La percepción de los colombianos frente al cambio climático está experimentando un cambio significativo, según un reciente estudio global de Ipsos. La investigación revela que uno de cada cinco ciudadanos en el país ha abandonado la lucha individual contra el calentamiento global, considerando que el problema ha alcanzado un punto irreversible.
Desgaste social y presión institucional
El informe, titulado “Las personas y el cambio climático”, documenta un creciente cansancio social frente a la crisis ambiental y una mayor exigencia hacia gobiernos y empresas para que asuman un liderazgo concreto. El estudio encuestó a 23.704 adultos en 31 países, incluyendo Colombia.
En Colombia, el 20% de los consultados cree que ya es demasiado tarde para actuar, mientras que el 49% rechaza esa idea y considera que todavía hay margen para enfrentar la crisis. Aunque la preocupación persiste, comienzan a aparecer señales de agotamiento y frustración colectiva.
Responsabilidad individual en declive
Uno de los hallazgos más llamativos es la disminución de la percepción de responsabilidad individual. Según Ipsos, solo el 22% de los colombianos considera que no actuar frente al cambio climático significaría fallar a las generaciones futuras, una cifra que ha caído significativamente desde 2021, en línea con tendencias en América Latina y Europa.

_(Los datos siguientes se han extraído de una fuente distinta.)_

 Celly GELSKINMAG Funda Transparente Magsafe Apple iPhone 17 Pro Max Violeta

Felipe Castro, director de Asuntos Públicos de Ipsos Colombia, señaló: “Los colombianos mantienen la convicción de que aún hay tiempo para actuar, pero esperan que gobiernos y empresas lideren con planes concretos. La percepción de que la responsabilidad individual no basta se ha consolidado”.
Optimismo relativo frente a otros países
Colombia muestra niveles de optimismo superiores en comparación con otras naciones. Mientras en el país solo el 20% cree que ya es demasiado tarde, en India esa cifra alcanza el 62% y en Tailandia el 37%, reflejando diferencias en cómo las sociedades perciben la crisis climática y sus soluciones.

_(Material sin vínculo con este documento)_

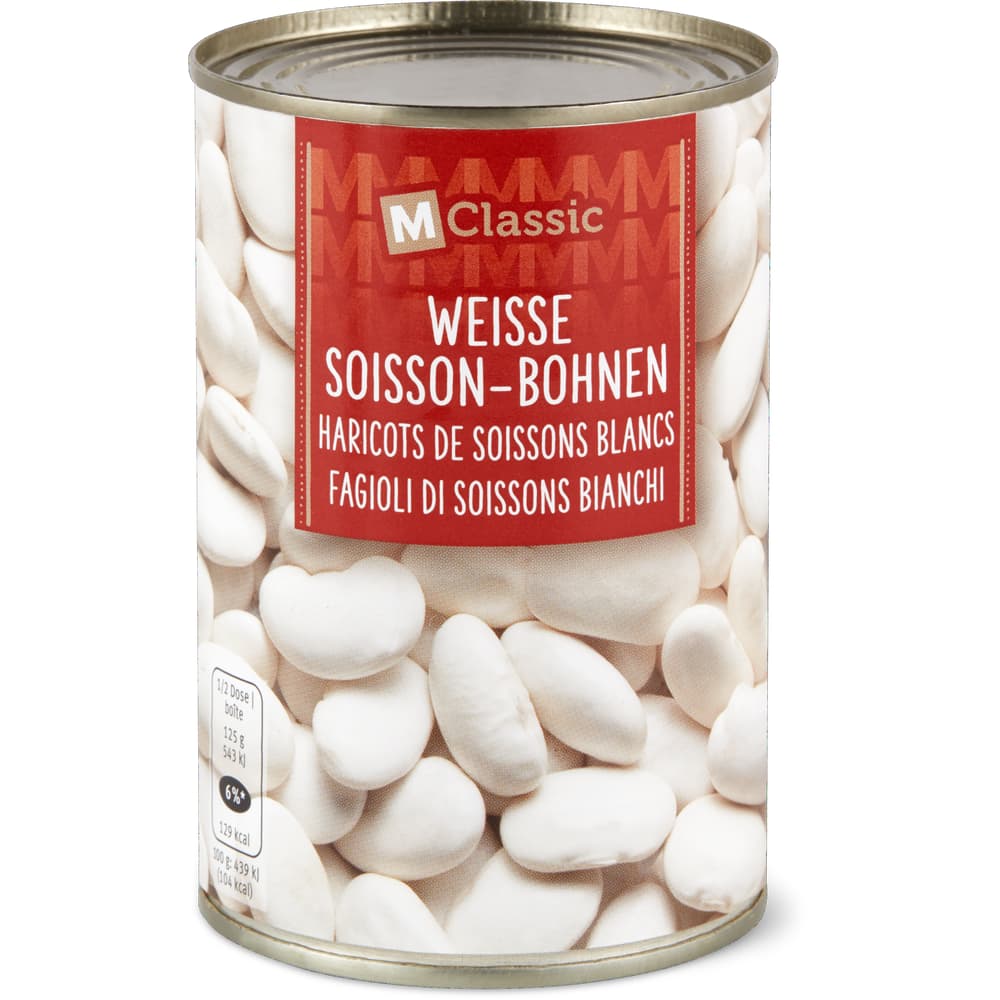 M-Classic Weisse Soisson-Bohnen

Factores económicos modifican la discusión
El informe destaca que las preocupaciones económicas están cambiando la relación de las personas con la transición energética. El aumento del costo de vida, la incertidumbre económica y las tensiones geopolíticas condicionan la percepción ciudadana sobre los esfuerzos para reducir emisiones.
“En Colombia, la preocupación por los precios de la energía y la seguridad energética se suma a la expectativa de que la transición sea justa y alcanzable. La ciudadanía no se ha rendido, pero exige resultados visibles”, agregó Castro.
Presión sobre empresas y gobiernos
El estudio muestra que la presión ciudadana se ha desplazado hacia empresas e instituciones públicas. A nivel global, el 57% de los encuestados considera que las compañías que no actúen frente al cambio climático incumplen con sus empleados y clientes. En Colombia, el 59% de los ciudadanos cree que el país debería trabajar más en el tema, aunque persisten dudas sobre la capacidad institucional para liderar el proceso.
La investigación concluye que, aunque el optimismo aún predomina, la ciudadanía exige liderazgo institucional sólido y soluciones concretas ante una crisis que ya no es solo ambiental, sino también económica, energética y social.